Right at that moment, everything went into slow motion: I looked around and watched all these people willing to bow in worship to a skinny, skeletal man because he knew the name of the city he was performing in. I don’t know how to describe it to you, but it felt like the very pores and fabric of existence expected, no, demanded of me to join in the adoration as well. No questions were to be asked, I was to offer myself in total submission, with all of my senses and reason, to the worship of someone who simply knew what was patently obvious to us all, “We were in Cleveland…Yes, a five-year-old could figure that out.” But it was more than this, I felt like a tiny fish caught in a giant school of ignoramuses swimming to our certain death because both the cultural current and our human blindness was flowing and forcing all of us that way.

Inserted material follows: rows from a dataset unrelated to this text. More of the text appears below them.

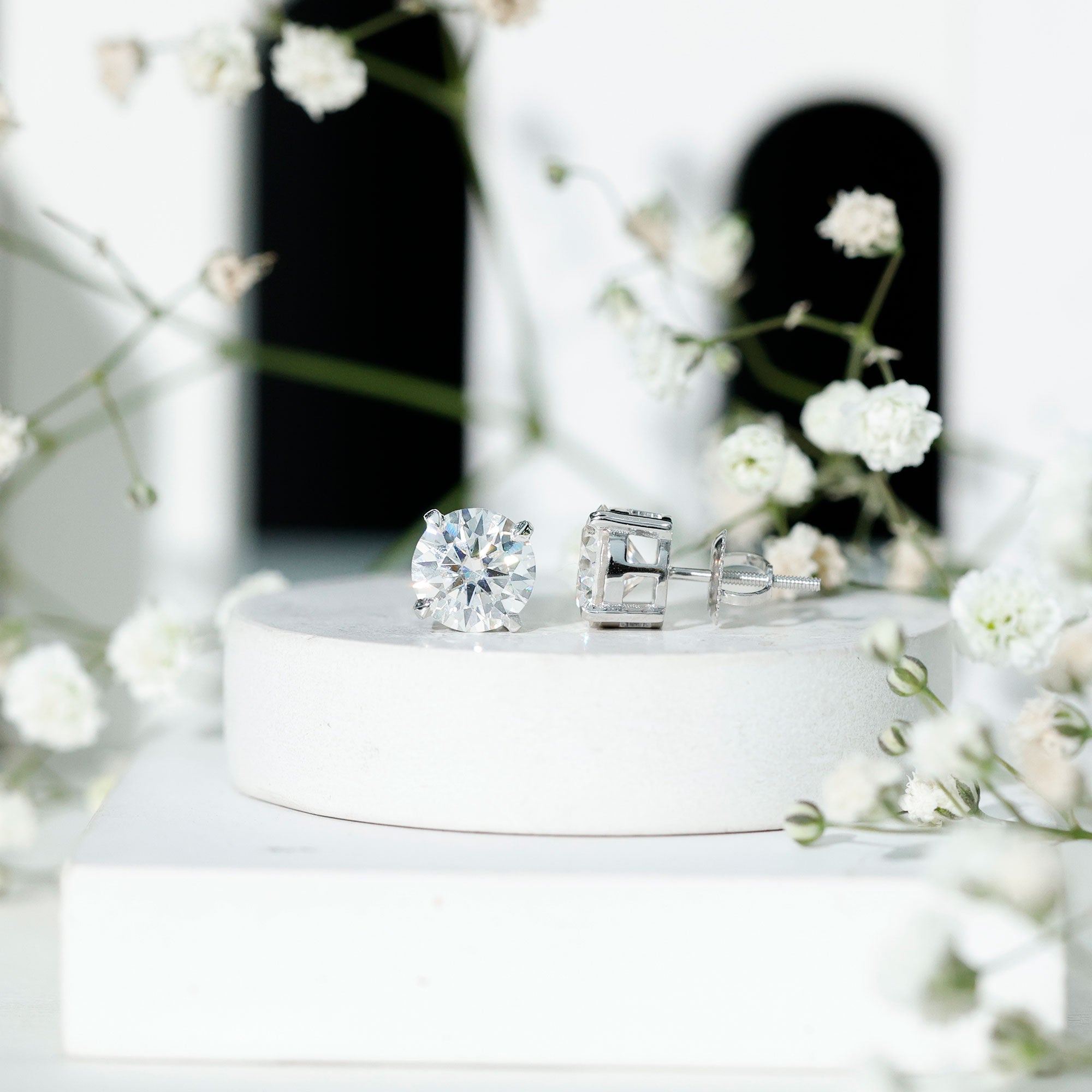 Certified 4 Carat Moissanite Stud Earrings in Silver D-VS1 92.5 Sterling Silver - Rosec Jewels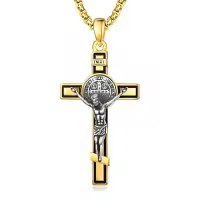 wholesale 925 Sterling Silver Gold Plated Jesus Christ INRI Cross Crucifix Pendant Necklace for Men & Women-A-Jesus Crucifix(gold plated)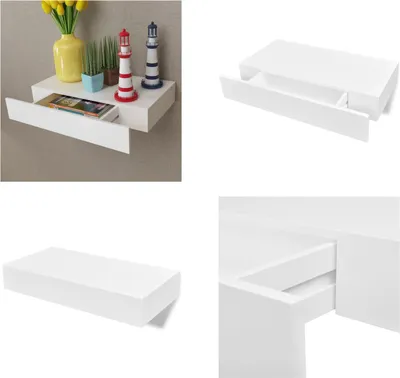 Obrázek produktu pro vidaXL Nástěnná police se zásuvkou MDF White - Nástěnná police - Nástěnné police - Závěsná police - Závěsné police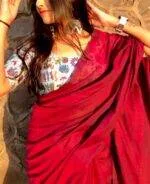 Women's Cotton Plain Handloom Saree With Stitched Blouse Combo(Free Size)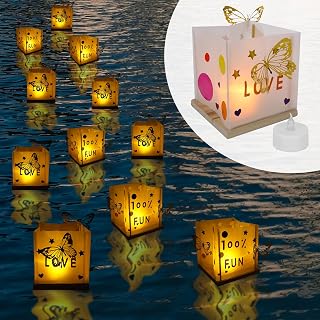 10-Set DIY Floating Water Lanterns Kit Decorative Candle Lanterns with C...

I wanted out. I wanted to breathe. I wanted reason. I wanted to be a thinking man.
As you read this, you may be thinking that going to a concert and applauding a great musician may not seem like a life-altering experience. But it was for me. I was pushed out, forced to look at everything anew. In that moment of time, I was tired of being, as Pink Floyd says, a cog in the machine. And that machine was not, as we are fooled to believe, the vast imperial, economic, monster of American greed and finance. The machine for me was this crowd of blind, amoral, independent and ignorant humanity.
We all claim independence, and yet we all clap for a silly man who can say Cleveland. I started noticing this everywhere. People all think the same, react the same, get tattoos the same way, vote the same, get angry the same, watch movies the same, drink the same, look at porn the same…while we are all made to believe we are unique and special. All rebels, when in fact, when we are nothing more than reactionary robots.
I wanted more. I wanted that for which I have been designed. And I still am searching for.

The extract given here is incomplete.